In oft sehr kurzen und knackigen Kapiteln schreibt die Autorin ihre Geschichte nieder. Das liest sich wunderbar weg und ist trotzdem nicht mit Oberflächlichkeiten abzuspeisen.

Schon das Cover ist ein toller, und durch das Rot, intensiver Blickfang. Auch der Schreibstil konnte mich begeistern. Allerdings kann ich mir vorstellen dass es nicht jedem Leser*in so gehen wird. Denn Helga Schubert schreibt nicht in einer Zeitchronologie. Nein. Sie schreibt wild, frei, schweift hier und da ab, überlegt während ihrer Erzählungen, mal ist man bei ihr, mal bei der Mutter, mal in der BRD, mal in der DDR, mal auf der Flucht vor den Russen im Zweiten Weltkrieg. Man muss sich auf jeden Fall fallen lassen können um dieses Buch genießen zu können.

Ich kann gar nicht genau sagen welche Geschichte mich am meiten berührt hat, aber für mich war es dann doch "Mein idealer Ort", "Mein Winter", "Eine Wahlverwandtschaft" und "Der Duft des Lebens".
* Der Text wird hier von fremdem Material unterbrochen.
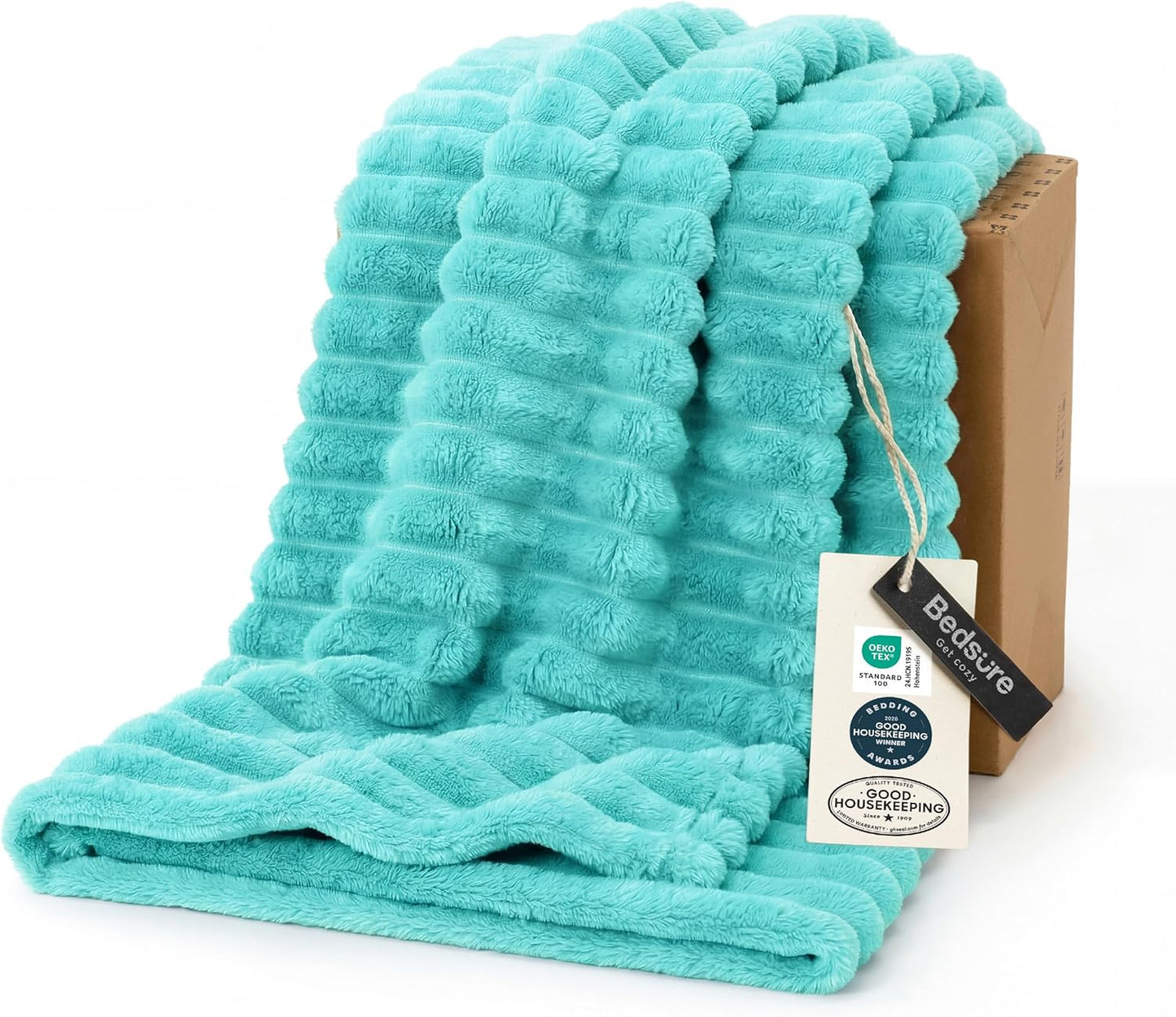 Bedsure GentleSoft White Throw Blanket for Couch - Graduation Gifts Teacher Birthday Gifts for Women Mom Her Girls, Cozy Fleece Blanket for Sofa Bed Living Room Home Decor, Off White, 50x60 Inchess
Am meisten berührt, ja mich in meine Kindheit geworfen, haben die Erinnerungen die sie mit ihrer Grossmutter hatte. Diese gemeinsame Zeit hat mich an die Zeit bei meinen Grosseltern denken lassen und das war ein herrlicher "Flashback", alleine für solche lohnt es sich dieses Buch zu lesen. Die Grossmutter väterlicherseits spielt eine sehr grosse Rolle in dem Leben von Helga Schubert, dies wird sehr schnell klar. Und wer weiss was aus Helga geworden wäre ohne diesen Anker in Gestalt der Grossmutter.

Dass das Verhältnis zur Mutter nie einfach war, auch nie einfacher wurde, das liest man in sehr vielen Kapiteln. Mal sehr direkt und ohne Umschweife, dann aber wieder als kleinen Nebenklang, zwischen den Zeilen, kürzer oder länger, aber immer mehr wird einem als Leser bewusst was diese Gefühle und Aussagen der Mutter an die jüngere und ältere Helga ausgelöst haben.

Wobei ich beide Frauen bewundern muss. Nicht nur dass Helga ihren Vater als 1jährige verlor da er im Zweiten Weltkrieg ums Leben kam. Sie mussten vor den Russen flüchten, ihre Mutter und sie. Mit eigentlich nichts was ihnen gehört. Die Zeit danach war nicht einfach, als Kriegswitwe mit einem Kind. Dann die Zeit in der DDR, wieder eingesperrt, beobachtet, keine wahren Freiheiten. Und nun dieses freie Leben was man immer noch nicht fassen kann.

Die Demut kommt bei der Autorin sehr oft zum Vorschein, vieles was ihr heute möglich ist sieht sie weiterhin nicht als Selbstverständlichkeit.  Ein kleines literarisches Highlight welches ich gerne empfehlen möchte.